At the dawn of an unnamed war and after an atomic explosion, a plane carrying a group of schoolboys crashes on an uncharted island, killing the only grown up, the pilot. At first, with no adult supervision, the boys celebrate their freedom in their new-found paradise. This far from civilization, the boys can do anything they want. Anything! But just as in Eden, there is an interloper, ‘a snake-thing…a beastie’ which rears its head and whispers in their dreams and the boys soon gain knowledge of good and evil.

They attempt to forge their own society, but the leadership is divided. The ‘toy of voting’ sees Ralph elected and still connected to the outside world; in his mind at least, he wants to establish rules. He stands for the values of civilisation, represented also by the conch shell which had been used to summon the boys together. He sees the need for a signal fire so they can be rescued by the adults who, he is sure, will be searching for them, and he wants to build shelters. He listens and tries to calm the ‘littluns’ who are easily scared.

William Golding in 1983
William Golding in 1983
Jack is not happy to have been defeated in the leadership battle and sets up a rival group. He is only interested in hunting and promises a feast to those who follow him, appealing to their desire for fun and self-indulgence. Power crazed, and with his cruel desire for mastery, Jack becomes increasingly dangerous. His hunters, ‘with painted faces’ who carry ‘a stick sharpened at both ends’, eventually choose to give in to every instinct and impulse, no matter how barbaric, and so his ‘tribe’ grows.

As order collapses, the reader witnesses the boys’ descent into savagery and terror begins its reign. Civilisation no longer has any meaning as signified by the shattered conch. The hope of adventure seems as far from reality as the hope of being rescued. Whether it is a parable, an allegory, or a morality tale, Lord of the Flies is a memorable novel with a nightmarish quality, about how humanity behaves when left alone without societal rules and structures. With the death of one of the main protagonists, Golding depicts “the end of innocence, the darkness of man’s heart”. And that is not the only death.

This is realistic dystopian fiction – even if the dialogue is a little dated at the beginning. The boys act in accordance with what they have seen in the world and they don’t understand limits. Violence becomes the way to achieve what they think they want. They go to war amongst themselves and in doing so, lose their childhood innocence. They grow up and learn how far humans can go when pushed. Golding takes it further and challenges the stereotype by creating monsters, or savages, from children who all too easily give in to their most basic instincts despite their ‘fancy education and gold-plated upbringing’.

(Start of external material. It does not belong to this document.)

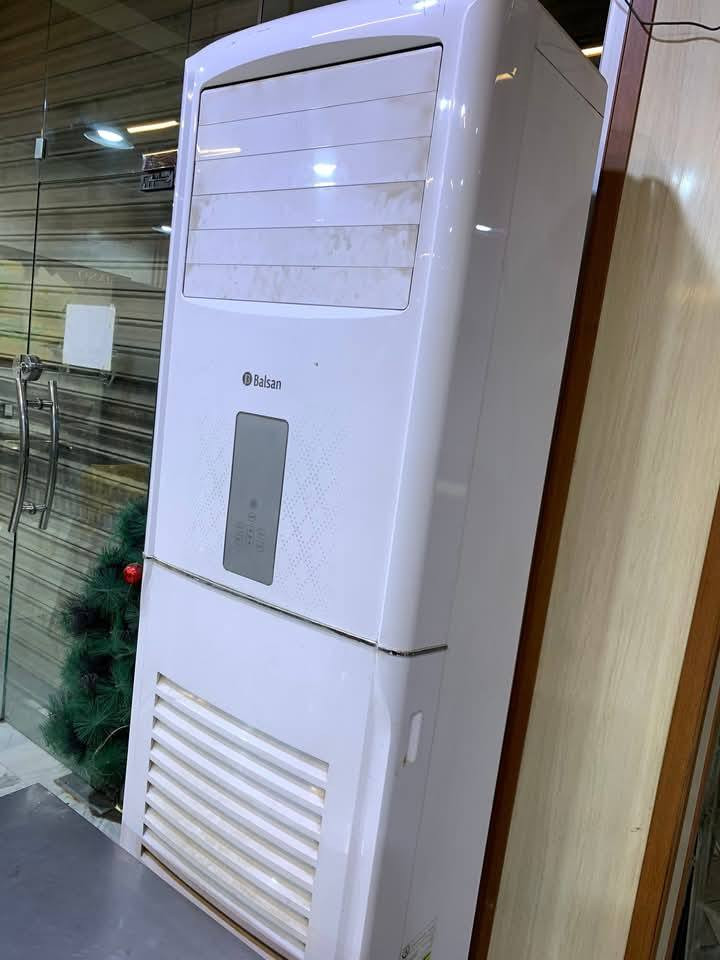 السلام عليكم 3 سبالت واحد ع 150 ابيع كوم حديد ول مجمده ب50 مستعجل عليهم والله رقمي واتسب ***********.
رقمي لتصال ***********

This is not Swallows and Amazons, nor Coral Island; it’s not an adventure book about some stranded children having fun. The title, a translation of Beelzebub, says it all, as the boys learn that the devil is within Man. Their fear of ‘the beast’ runs deep and so it should. The atavism which occurs demonstrates Golding’s belief that we are not so far from our primal nature, and it takes very little for us to embrace our darker side.

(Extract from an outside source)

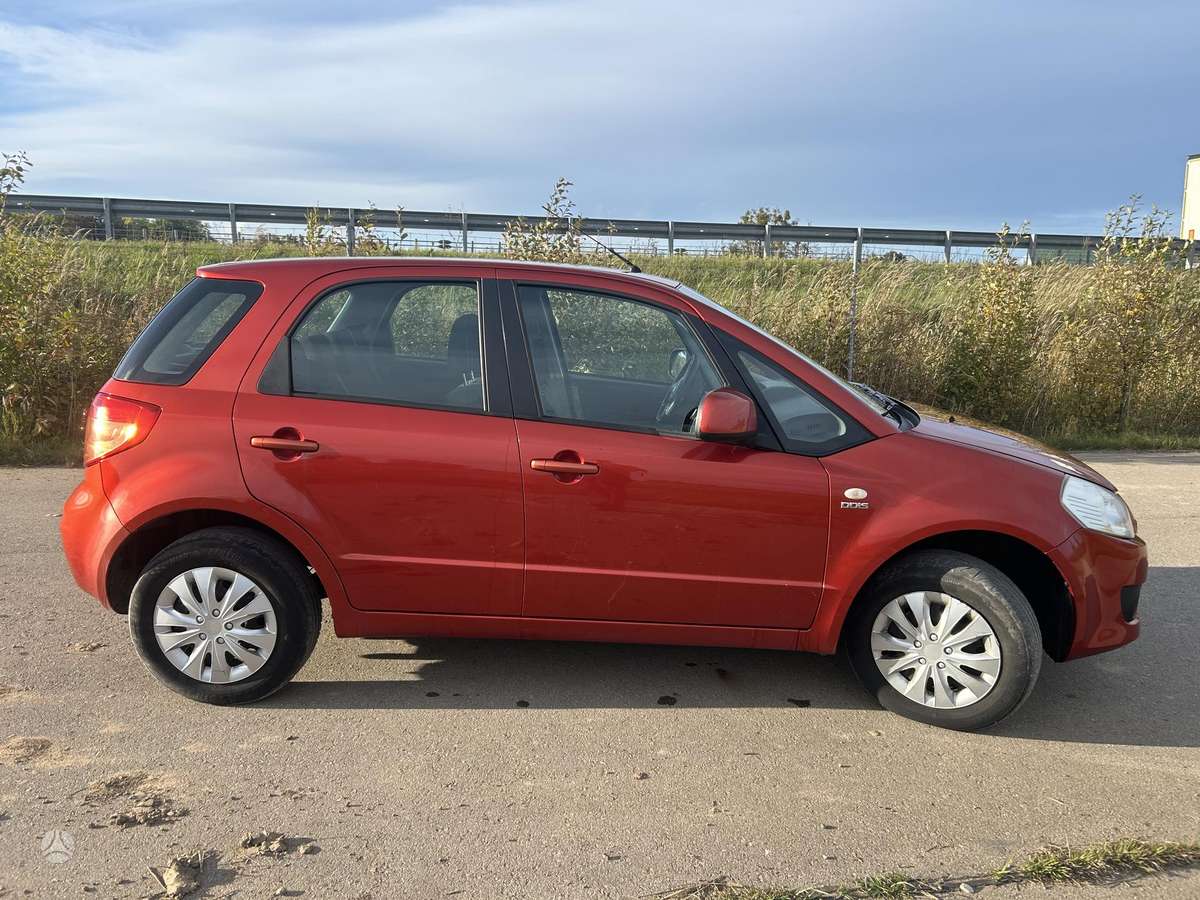 Suzuki SX4, 1.9 l., hatchback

There is symbolism throughout - the fragility of the conch, the nightmare of the beast, the contradiction of the fire, which provides both comfort and terror, the utility of Piggy’s glasses. There is irony, too, in the reminder that while the boys have been on the island, the adults, far from being civilised, have continued waging war for no discernible reason, suggesting that humans are inherently prone to self-destruction. I could go on, but I urge you to read it for yourself; feel the rawness of the tears of the children in the final scene, tears of grief as much as joy, and realise that humans cannot eradicate evil but must continue the struggle to stop it becoming the dominant force in life.